Likewise, the electricity distributor also, at times, expresses the desire that the Commission approves the documents submitted by it, without much examination. Therefore, the consumers, hydropower investors, private sectors and the utility, all have high expectations from the Commission.
Opportunity and Challenges of Regulation
Since regulation is a novel concept in Nepal, the regulator must pay heed to mostly two subjects in the initial period of its formation. Firstly, the regulator should be mindful of its decisions since the decision of the regulator could cause regulatory shock to stakeholders. Secondly, the regulator should also be mindful of the fact that since the regulator is a new body, the influence from stronger agencies could consequence in regulatory capture.
Similarly, the regulatory body should move forward in a phased manner in order to save itself from these two extreme circumstances. It is found out that such a model is accepted by most regulatory bodies of South Asian countries in the initial phases of its formation. The operation of the Commission can be divided into the following three stages, from the formation phase until the Commission's maturity:
The first stage shall be of around two years, where the current practices are consolidated, and built on in the form of regulatory instrument, and the Commission's organizational structure, employee and financial regulation are formed. If such is done, the primary stakeholders shall accept the decisions made through the regulatory instruments. Likewise, the decisions shall be implemented conveniently. In this period, all the stakeholders must be made informed about the Commission's jurisdiction, prospective work-plan, etc.
In the second stage, new regulatory instruments are to be implemented upon necessary consultation with the stakeholders. This stage shall be for around two years, during which the Commission shall have itself established as an independent regulatory body.
In the third stage, the Commission shall implement necessary regulatory instruments for the purpose of improving the electricity market and implementing competition. Similarly, the Commission shall attain the capacity to deliver suggestions to the government after having its internal capacity developed fully.
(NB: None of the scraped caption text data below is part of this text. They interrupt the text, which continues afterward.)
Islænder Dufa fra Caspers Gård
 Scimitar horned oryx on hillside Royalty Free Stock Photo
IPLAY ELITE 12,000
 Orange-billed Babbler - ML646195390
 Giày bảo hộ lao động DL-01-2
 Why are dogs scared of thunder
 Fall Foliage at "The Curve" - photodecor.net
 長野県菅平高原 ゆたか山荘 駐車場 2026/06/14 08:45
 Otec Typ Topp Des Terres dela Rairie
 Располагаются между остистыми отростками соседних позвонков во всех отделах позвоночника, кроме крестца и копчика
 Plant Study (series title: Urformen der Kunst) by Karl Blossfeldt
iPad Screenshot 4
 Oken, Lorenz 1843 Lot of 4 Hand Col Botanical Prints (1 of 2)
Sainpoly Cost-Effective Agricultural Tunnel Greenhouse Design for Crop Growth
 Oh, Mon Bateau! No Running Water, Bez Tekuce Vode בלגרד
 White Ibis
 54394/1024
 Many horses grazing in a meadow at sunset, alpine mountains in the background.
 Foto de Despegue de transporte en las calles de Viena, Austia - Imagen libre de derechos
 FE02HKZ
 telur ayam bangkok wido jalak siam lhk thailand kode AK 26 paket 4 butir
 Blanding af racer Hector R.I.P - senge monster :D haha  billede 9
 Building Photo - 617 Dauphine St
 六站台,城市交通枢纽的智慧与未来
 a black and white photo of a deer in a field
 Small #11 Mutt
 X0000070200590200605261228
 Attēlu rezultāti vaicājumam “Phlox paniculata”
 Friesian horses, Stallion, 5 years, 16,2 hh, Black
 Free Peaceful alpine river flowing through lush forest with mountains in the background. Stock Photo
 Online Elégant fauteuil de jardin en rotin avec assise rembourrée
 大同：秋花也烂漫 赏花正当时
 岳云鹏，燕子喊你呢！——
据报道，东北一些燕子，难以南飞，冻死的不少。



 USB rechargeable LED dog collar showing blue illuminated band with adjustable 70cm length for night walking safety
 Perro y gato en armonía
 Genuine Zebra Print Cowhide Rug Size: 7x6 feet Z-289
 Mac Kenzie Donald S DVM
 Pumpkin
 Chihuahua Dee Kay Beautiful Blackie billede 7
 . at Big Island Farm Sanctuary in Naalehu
By developing itself through the three stages, the Commission shall use modern technology, sectorial experts, and its structural mechanisms to discuss the current problems in the hydropower sector such as of interest rates, refinancing, debt period, etc. For the long term resolution, the Commission must coordinate with the economic regulatory agencies (such as Nepal Rastra Bank, Securities Board of Nepal, Insurance Board) and Nepal Bankers Association and push for resolution of the problem. In addition to that, the commission will also have to establish and implement standards of good governance for independent power producers.
NEA's financial conditions may be at risk with the extensive expansion in the generation of electricity in the next few years without the certainty in the electricity market. Thus, the construction of the cross-border transmission lines and the power distribution system must be strengthened for this reason. Also, the electricity markets of India and Bangladesh must be integrated with the market of Nepal for the purpose of sale and purchase of electricity, with the help of transmission lines of larger capacity. For the same, the Commission must make a directive pertaining to the cross-border power trade to inspire for the promotion, extension and diversification of the electricity market.
In the end, there is no disparity in the fact that the nation shall reap greater fruits if the challenges along with the opportunities before the Commission are correctly addressed and managed. Thus, the need of the hour is to maintain the recent development in the power sector, to make certain the electricity market, to increase the professionalism among the independent power producers, to draft and implement regulatory instruments, to provide reliable, accessible, affordable and safe electricity service, the coordination and cooperation between all the stakeholders involved in the development of the power sector is a must.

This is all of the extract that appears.